Rejected in favour of mandatory declarations. Inference alone localises a bug only where
dimensions clash downstream; a mandatory declared return unit localises it at the
offending function and is self-documenting, at the cost of annotation churn the codebase
largely already absorbs for types.

### Keep hand-written time conversions; use pint only for checks

Possible, but the stock/flow duality is exactly what a unit engine encodes for free.
Sourcing the factors from pint removes a class of hand-maintained arithmetic without
touching the naming.

### A `[count]` dimension for head counts

Considered, prototyped, and rejected. An earlier draft promoted counting quantities to a
custom `[count]` dimension, making per-person parameters `CURRENCY / count` and head
counts `count`. The intended payoff was catching a forgotten per-capita scaling. It was
dropped because:

- the protection is weaker than it looks: a single generic `[count]` cannot distinguish
  per-child from per-adult from per-household, so scaling by the *wrong* count still
  type-checks — only the forgot-entirely case is caught;
- the annotation tax lands on every per-capita parameter in the system (Regelsätze,
  Kindergeld, Freibeträge, …), which would read `CURRENCY / count` where the law and
  every practitioner say "Euros per month";
- SI and pint treat counting quantities as dimensionless; deviating surprises anyone who
  knows either.

The accepted cost is that a missing per-capita scaling is no longer a unit error. If
that bug class accumulates in practice, the closed token vocabulary makes a future
amendment with genuinely distinct dimensions (`[person]`, `[child]`, …) a clean
retrofit.

### Make functions time-agnostic

Rejected. Collapsing `betrag_m` and `betrag_y` into one node would erase the law-to-code
correspondence GEP 1 is built on.

## Discussion

(Open. To be resolved on Zulip.) Known points for debate: the strictness of literal
tagging; whether per-capita scaling should ever get dedicated dimensions (see the
rejected `[count]` alternative — revisit if missing-scale bugs accumulate); and whether
the gettsim rollout should be a single large PR or staged behind a temporary gate.

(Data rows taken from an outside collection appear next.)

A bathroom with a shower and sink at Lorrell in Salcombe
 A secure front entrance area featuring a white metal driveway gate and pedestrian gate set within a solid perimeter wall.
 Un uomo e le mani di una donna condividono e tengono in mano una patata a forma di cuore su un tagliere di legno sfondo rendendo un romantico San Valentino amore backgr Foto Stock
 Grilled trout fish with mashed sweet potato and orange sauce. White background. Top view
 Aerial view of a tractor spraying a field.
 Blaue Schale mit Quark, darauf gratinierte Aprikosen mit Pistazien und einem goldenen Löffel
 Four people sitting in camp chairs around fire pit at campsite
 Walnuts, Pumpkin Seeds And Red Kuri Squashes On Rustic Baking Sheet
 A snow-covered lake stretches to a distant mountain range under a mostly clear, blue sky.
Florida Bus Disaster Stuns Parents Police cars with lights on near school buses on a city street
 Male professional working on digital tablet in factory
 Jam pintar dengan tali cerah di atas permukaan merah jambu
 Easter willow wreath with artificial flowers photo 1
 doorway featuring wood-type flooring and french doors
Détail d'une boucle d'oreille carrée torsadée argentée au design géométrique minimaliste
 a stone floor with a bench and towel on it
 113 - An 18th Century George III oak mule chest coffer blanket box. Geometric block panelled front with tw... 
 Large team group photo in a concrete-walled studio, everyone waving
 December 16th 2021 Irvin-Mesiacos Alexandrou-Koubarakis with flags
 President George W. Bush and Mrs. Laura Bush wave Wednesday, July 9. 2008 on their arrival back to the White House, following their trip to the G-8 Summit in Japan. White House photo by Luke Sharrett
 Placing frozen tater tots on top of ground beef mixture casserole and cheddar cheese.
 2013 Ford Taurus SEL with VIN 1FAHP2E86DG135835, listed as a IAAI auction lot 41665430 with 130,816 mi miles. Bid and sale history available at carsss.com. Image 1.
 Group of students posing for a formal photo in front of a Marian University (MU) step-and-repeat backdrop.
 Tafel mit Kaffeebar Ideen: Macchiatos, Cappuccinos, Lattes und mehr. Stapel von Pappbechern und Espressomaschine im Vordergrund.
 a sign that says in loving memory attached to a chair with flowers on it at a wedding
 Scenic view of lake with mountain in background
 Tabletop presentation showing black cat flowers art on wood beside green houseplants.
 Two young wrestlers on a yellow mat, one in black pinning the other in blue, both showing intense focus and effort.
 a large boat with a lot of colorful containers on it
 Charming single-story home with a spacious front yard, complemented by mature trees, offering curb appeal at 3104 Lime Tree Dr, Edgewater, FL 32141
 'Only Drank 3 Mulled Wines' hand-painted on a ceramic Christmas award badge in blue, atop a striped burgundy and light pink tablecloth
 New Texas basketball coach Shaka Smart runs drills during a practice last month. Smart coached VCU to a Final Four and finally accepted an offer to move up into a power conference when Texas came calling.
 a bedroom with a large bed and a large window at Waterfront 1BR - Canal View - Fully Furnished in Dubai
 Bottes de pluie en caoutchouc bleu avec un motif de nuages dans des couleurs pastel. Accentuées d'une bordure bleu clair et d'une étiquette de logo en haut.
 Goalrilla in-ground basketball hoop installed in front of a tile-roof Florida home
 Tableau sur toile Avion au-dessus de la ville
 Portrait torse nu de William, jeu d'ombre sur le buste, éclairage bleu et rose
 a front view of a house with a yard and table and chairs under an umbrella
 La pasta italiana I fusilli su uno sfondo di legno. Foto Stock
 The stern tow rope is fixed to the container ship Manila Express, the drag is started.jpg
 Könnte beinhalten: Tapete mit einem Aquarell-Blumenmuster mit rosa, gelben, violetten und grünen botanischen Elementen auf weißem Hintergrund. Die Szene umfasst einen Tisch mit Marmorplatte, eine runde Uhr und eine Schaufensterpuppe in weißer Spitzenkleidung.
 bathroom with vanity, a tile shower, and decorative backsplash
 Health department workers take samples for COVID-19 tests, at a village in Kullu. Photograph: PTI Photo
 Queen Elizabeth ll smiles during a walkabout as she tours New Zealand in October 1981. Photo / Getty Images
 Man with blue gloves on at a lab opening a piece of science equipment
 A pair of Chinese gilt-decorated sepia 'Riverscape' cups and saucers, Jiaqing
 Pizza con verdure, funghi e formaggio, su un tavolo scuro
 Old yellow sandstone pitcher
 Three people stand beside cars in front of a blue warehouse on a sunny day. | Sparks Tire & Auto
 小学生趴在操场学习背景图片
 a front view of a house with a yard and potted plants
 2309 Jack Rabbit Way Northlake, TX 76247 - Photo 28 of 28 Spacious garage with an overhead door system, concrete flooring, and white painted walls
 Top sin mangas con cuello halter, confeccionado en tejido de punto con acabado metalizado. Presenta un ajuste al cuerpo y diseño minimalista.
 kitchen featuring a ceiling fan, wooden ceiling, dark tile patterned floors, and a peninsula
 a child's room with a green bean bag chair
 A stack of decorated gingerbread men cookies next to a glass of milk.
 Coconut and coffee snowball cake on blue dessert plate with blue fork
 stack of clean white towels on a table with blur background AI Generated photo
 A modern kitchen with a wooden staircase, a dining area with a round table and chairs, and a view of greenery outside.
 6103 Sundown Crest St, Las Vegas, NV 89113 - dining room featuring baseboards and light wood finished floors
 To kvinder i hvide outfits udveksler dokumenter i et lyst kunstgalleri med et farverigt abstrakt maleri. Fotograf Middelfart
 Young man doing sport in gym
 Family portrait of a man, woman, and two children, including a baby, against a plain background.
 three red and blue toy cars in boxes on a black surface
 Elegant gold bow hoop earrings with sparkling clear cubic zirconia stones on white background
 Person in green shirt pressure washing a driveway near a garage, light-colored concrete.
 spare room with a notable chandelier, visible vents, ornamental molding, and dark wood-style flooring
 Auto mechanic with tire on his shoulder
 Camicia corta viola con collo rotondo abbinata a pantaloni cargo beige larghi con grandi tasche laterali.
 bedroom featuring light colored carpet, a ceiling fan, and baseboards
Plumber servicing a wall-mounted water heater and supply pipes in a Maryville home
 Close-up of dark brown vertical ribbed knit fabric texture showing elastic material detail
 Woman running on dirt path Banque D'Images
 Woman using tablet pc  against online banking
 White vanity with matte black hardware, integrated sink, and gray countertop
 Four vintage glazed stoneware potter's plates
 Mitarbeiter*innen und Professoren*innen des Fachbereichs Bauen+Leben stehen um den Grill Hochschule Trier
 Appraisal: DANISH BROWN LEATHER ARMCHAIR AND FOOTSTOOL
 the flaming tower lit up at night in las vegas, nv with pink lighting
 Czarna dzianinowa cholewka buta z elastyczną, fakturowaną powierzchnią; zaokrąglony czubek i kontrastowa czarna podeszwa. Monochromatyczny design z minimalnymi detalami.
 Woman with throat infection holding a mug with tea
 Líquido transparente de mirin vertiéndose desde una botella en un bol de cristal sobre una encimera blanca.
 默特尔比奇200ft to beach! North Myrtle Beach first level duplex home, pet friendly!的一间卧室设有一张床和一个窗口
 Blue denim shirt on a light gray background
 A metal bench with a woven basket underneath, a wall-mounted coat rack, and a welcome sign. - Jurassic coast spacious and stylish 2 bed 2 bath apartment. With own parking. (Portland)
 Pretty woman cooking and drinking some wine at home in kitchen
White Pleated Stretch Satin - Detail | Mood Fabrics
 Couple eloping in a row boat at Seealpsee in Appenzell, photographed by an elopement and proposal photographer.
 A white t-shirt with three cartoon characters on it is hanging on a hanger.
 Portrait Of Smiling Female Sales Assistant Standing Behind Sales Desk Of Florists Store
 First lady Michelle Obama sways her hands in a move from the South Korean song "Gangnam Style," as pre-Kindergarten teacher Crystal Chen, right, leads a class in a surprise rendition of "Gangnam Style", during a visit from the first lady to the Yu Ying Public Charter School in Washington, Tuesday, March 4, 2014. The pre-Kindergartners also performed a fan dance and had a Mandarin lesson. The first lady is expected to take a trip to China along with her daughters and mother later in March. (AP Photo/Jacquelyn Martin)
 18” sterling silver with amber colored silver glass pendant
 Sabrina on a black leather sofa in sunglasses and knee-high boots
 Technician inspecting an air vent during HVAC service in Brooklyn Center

## References and Footnotes

- [gettsim #1174 (the originating DM-values discussion)](https://github.com/ttsim-dev/gettsim/issues/1174)
- [pint](https://pint.readthedocs.io)
- [NEP 18 (NumPy `__array_function__`)](https://numpy.org/neps/nep-0018-array-function-protocol.html)

## Copyright

This document has been placed in the public domain.